In der IT-Branche ist Agilität seit einiger Zeit ein Thema, an dem sich die Geister scheiden. Um so erfreulicher daher, dass sich ObjektSpektrum vor einiger Zeit schwerpunktmäßig damit beschäftigte. Die Artikel setzten sich auch mit den organisatorischen Aspekten auseinander, die bei der Einführung agiler Methoden der Softwareentwicklung, allen voran Scrum, nicht vernachlässigt werden dürfen, will man Chaos und Motivationsverlust verhindern.

Die Erfahrungen der Branche mit agilen Methoden der Softwareentwicklung sind, so weit ich sehen kann, durchwachsen. Einige Unternehmen sind wieder davon abgerückt, andere wiederum springen auf den Zug auf. Trotzdem glaube auch ich, dass es sich hier um mehr als nur einen Trend handelt. Es liegt eine leichte Ironie darin, dass die organisatorischen Veränderungen nicht im Rahmen klassischer Organisationsentwicklung, sondern quasi durch die Hintertür als Softwareentwicklungsmethodik Einzug in die Unternehmen halten.

In dem Artikel Was heisst eigentlich >agil<? Kennzeichen agiler Organisationen gibt der Autor Jens Coldewey einen guten Überblick über den aktuellen Stand in Theorie und Praxis. Agile Organisationen zeichnen sich dabei durch folgende Merkmale aus:

  • Offene Kommunikation
  • Lernen durch Experimente
  • Handwerkliches Können
  • Katalytische Führung
  • Langfristiges ergebnisorientiertes Controlling (im Sinne von beyond budgeting)

Das Ganze wird theoretisch von dem Konzept des systemischen Denkens in der Lesart von Peter Senge u.a. umrahmt.

Allerdings sind die Probleme bzw. Hindernisse auf dem Weg zu einer agilen Organisation oder eines agil arbeitenden Unternehmensbereichs nicht zu unterschätzen. Häufig stehen der Umsetzung die Aufbau- und Ablauforganisation des Unternehmens im Weg, die nicht selten funktional und damit streng hierarchisch gegliedert sind. Da kann der größte agile Elan an unsichtbaren und auch sichtbaren Mauern zerschellen. Ein hohes Maß an Frustrationstoleranz kann daher nicht schaden.

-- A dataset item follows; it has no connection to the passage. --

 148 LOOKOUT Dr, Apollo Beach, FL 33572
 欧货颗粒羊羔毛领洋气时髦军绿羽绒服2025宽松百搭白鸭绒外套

Dennoch lohnt sich nach Ansicht des Autors der Aufwand, zumal in hoch flexiblen Arbeitsumgebungen, wie sie für die IT üblich sind, auf Dauer kein Weg an agilen Prinzipien vorbei führt. Demnach sind in einem dynamischen Umfeld, das kaum Raum für längerfristige Planungen lässt und mit Unvorhersehbaren rechnen muss, komplexe, adaptive Organisationen fast schon die logische Konsequenz.

Es versteht sich quasi von selbst, dass statische Verfahren, wie die Budgetplanung, mit Agilität nur schwer vereinbar sind. Daher wundert es dann auch nicht, dass die Prinzipien des beyond budgeting dem Autor als besonders “systemkompatibel” erscheinen, was Niels Pfläging besonders freuen wird 😉

Alles in allem ein gelungener und informativer Artikel.

Die Fließbandproduktion in der Automobilindustrie verhalf dem Taylorismus und damit der funktionalen, hierarchischen Unternehmensorganisation zum Durchbruch. Im Zeitalter der Informationsgesellschaft könnte daher ein ähnlicher tiefgreifender Wandel der Arbeitswelt von der Softwareentwicklung ausgehen.